Ольга Петровна вдруг всхлипнула, подошла к сыну и порывисто поцеловала его в голову. Лицо дяди расплылось в улыбке.
— Ну, брат, вот это действительно здорово! Вот это хорошо! Но все-таки учиться тебе надо — это прежде всего.
А счастливый Анатолий продолжал:
— В колонии мы и машины ремонтировали, и запчасти к машинам делали, премии получали. Я около трех тысяч с собой привез. Мотоцикл куплю. В колонии остались друзья. Надо будет посылки им послать…
— А кто они, эти твои друзья? — настороженно спросила мать.
— Активисты, конечно!
— Кто-кто? Какие активисты?
— Ну, надо там побыть, чтобы понять. Активист — это тот, кто понял свои ошибки, отвернулся от прошлого гнилья и доказал это делом. Словом, лучшие из ребят.
— И много в колонии у тебя друзей?
— Приятелей много, а друзей только трое…
— А кто они? Как попали туда?
Анатолий налил чай на блюдце и, шумно отхлебывая («совсем разучился прилично есть», — огорчилась мать), сказал:
— Есть у меня друг Влоо, то есть Володька Степин. Отца у него убили гитлеровцы, а у матери вторая группа инвалидности, ее фашисты в гестапо мучили. Умерла сестренка. Влоо, чтобы не умереть с голоду, крал картошку, консервы, шоколад, попал в шайку. Потом пришли наши, а шайка его не отпустила, заставляла красть уже при советской власти. Он слабохарактерный, пошел на это и вместе с шайкой попался. К нам в колонию он пришел полуграмотный, никого не слушал, ругался. А потом начал учиться, работать, да еще как! Стал активистом и помог мне против Франца. Мы подружились. Вот ему-то хочу отправить посылку.
— Пошлем! — горячо отозвалась Ольга Петровна. — А что это за Франц?
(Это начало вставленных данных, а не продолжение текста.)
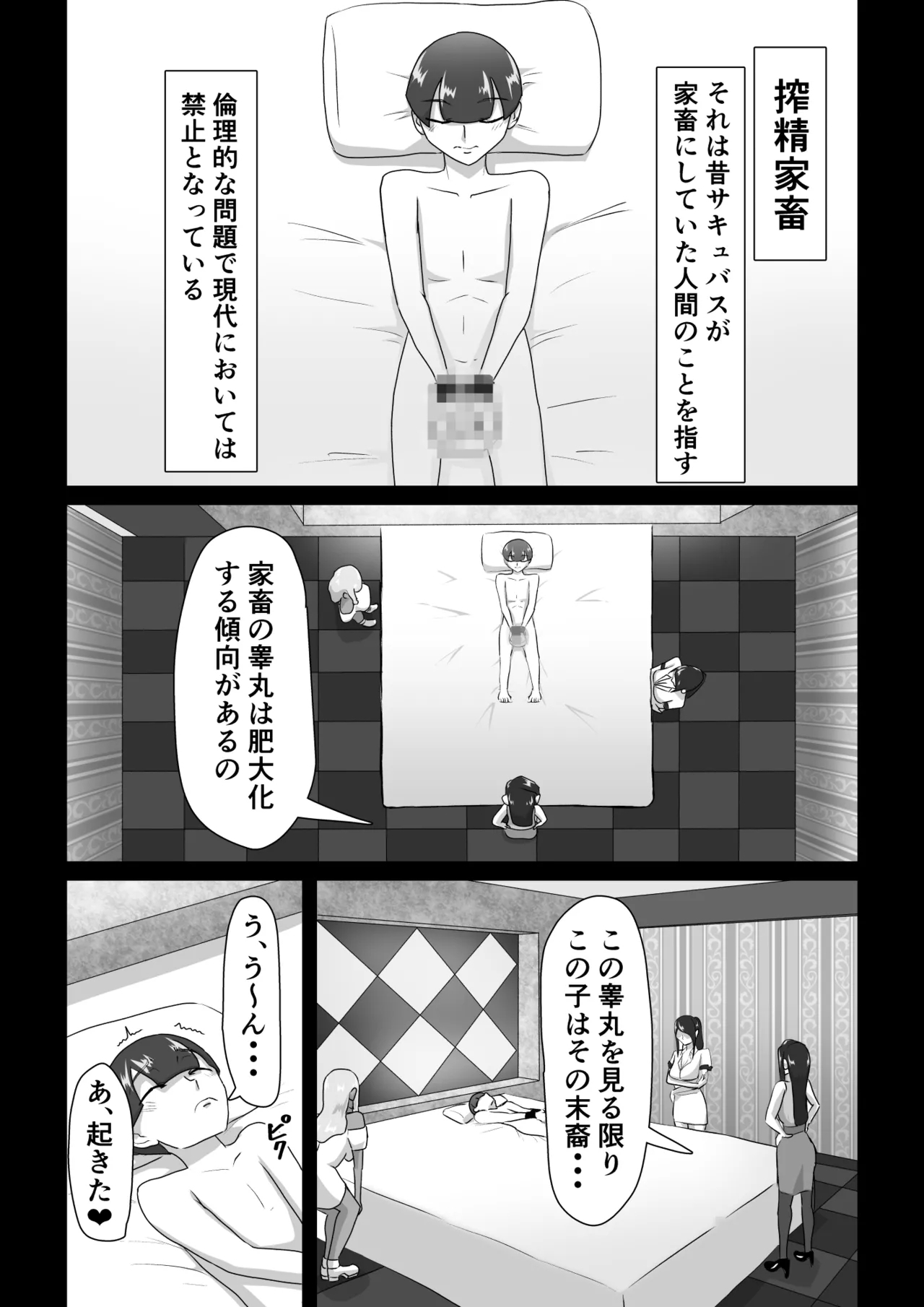 搾精契約〜サキュバス達の本気搾精三重奏〜 - Page 2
— Франц? — Анатолий нахмурился и покраснел. — Неприятно вспоминать. Был такой тип, я даже с ним, дурак, сначала дружил. Хотел он командовать нами, как атаман, и жить паразитом. «Бросай учиться и работать, государство и так нас обязано кормить. А кто не согласен, тому перо в бок…» Ну, кончилось это тем, что вошел он в шайку, сделали они ножи, запаслись железными болтами, видно, собрались крепко пошуметь. Мы, активисты, вовремя заметили. Франц на меня с ножом, а тут Володя — хвать его за руку… Потом еще Глеб. Родителей нет… Он у нас мировецкий поэт. Думаете, заливаю?
— Толя1 — воскликнула мать.
— Ну ладно, ладно… ну, не вру. Его стихотворение недавно даже в комсомольской газете напечатали.
— Такой талантливый мальчик… Как же так? — Ольга Петровна поднесла платок к глазам. — Пошлем посылку всем. Я сама им письма напишу.
После завтрака дядя попрощался и направился к двери.
— А охота? — крикнул Анатолий, прижимая к груди щенка.
— Приезжай на дачу в субботу вечером или в воскресенье утром, пораньше. Большой добычи не обещаю, а побродить по лесу — побродим.
— Ну, пойдем к тебе, отдохни с дороги, — сказала мать.
Все как прежде в его комнате: та же кровать, тот же шкаф, коврик с оленем над кроватью. Все было давно знакомо, но все так волновало теперь. Справа на полке стояли все три тома «Графа Монте-Кристо». Анатолии усмехнулся, подмигнул старым приятелям: «Такие-то дета, брат Эдмон Дантес, благородный граф Монте-Кристо! Теперь и мы узнали, что такое коварство и клевета…»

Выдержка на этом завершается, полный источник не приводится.